Remote SMA client DNS registration
We have been asked to set up remote clients to be able to print to an off-site printer, which may even be at another remote site. Both sites would be connected via one of as many as four SMA 8200 virtual appliances behind multiple Internet providers at two datacenters. For this to work, we either need to be able to lock down the remote IP address, which doesn't appear to be easy to do with multiple SMA's and multiple IP pools, or we need the remote client to register its IP address with DNS on one of our Active Directory servers, which also isn't looking promising. Has anyone done anything like this and if so, what is the most reliable way to accomplish it? If it just can't be done, we need to know that too, and we'll just have to get Sonicwall firewalls for the remote sites with printers and use site-to-site VPN's.
Printers could be setup as a protected resource over SMA and secure access could be enabled thro' split tunnel and redirect all modes.

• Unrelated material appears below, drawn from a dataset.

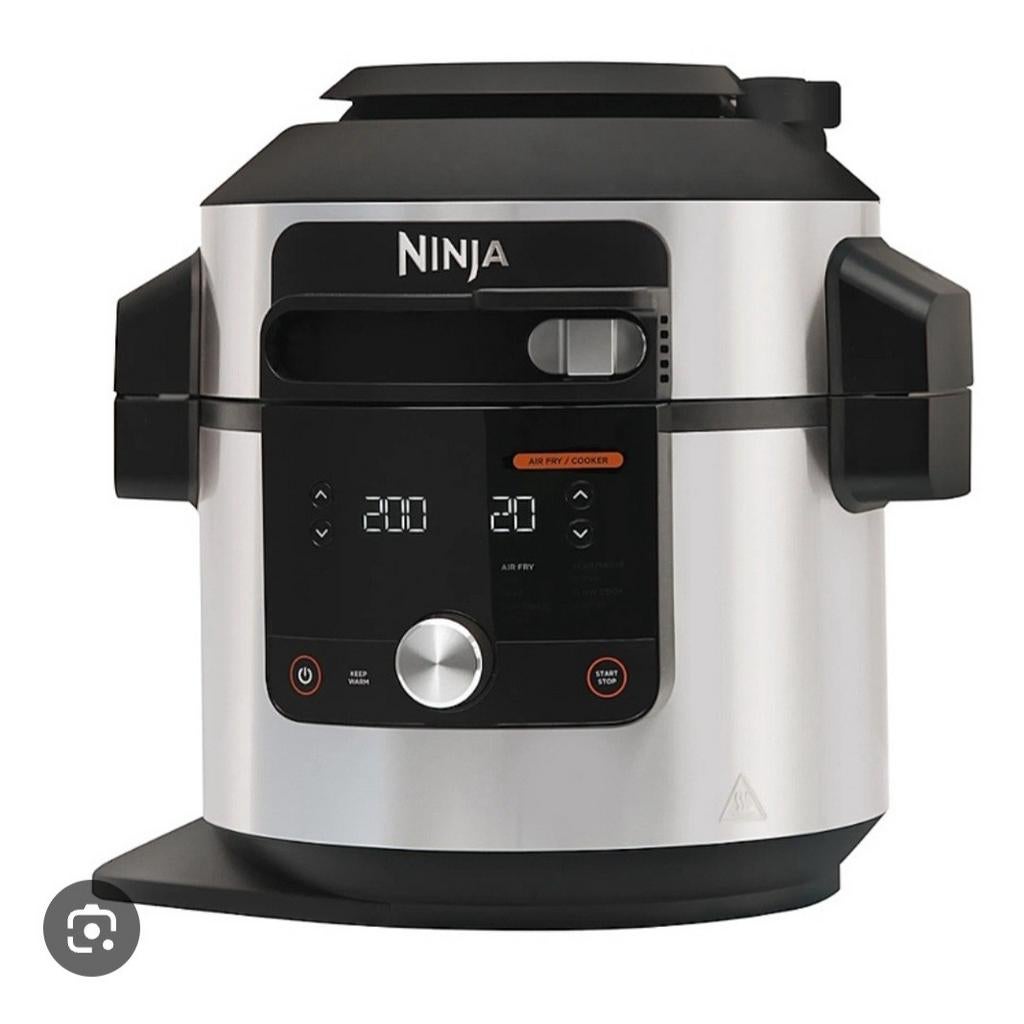 Ninja Foodi 650 Airfryer, Ophalen of Verzenden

Please find below the excerpt from SMA1000 v12.4 admin guide for more details. Please reach out to tech-support if your use case requires further investigation
"The user goes on a business trip and it turns out that the printer
he or she wants to use, on a local network at a conference center, uses that same address. If you’ve selected the
Allow users to indicate which split tunnel redirection mode to use on the client option in AMC, you allow the
traveler to indicate a preference for local resources (in this case, the printer) when there is a network conflict.
The choice is made on the client in the Connect Tunnel Properties, on the Advanced tab."
"To direct all traffic through the appliance, but also give users access to local printers and file shares, select
Redirect all, with access to local network. For example, if you have a community of remote employees, working
from home, you could use this redirection mode for maximum security, yet still allow them to use resources on
their home networks, such as a printer."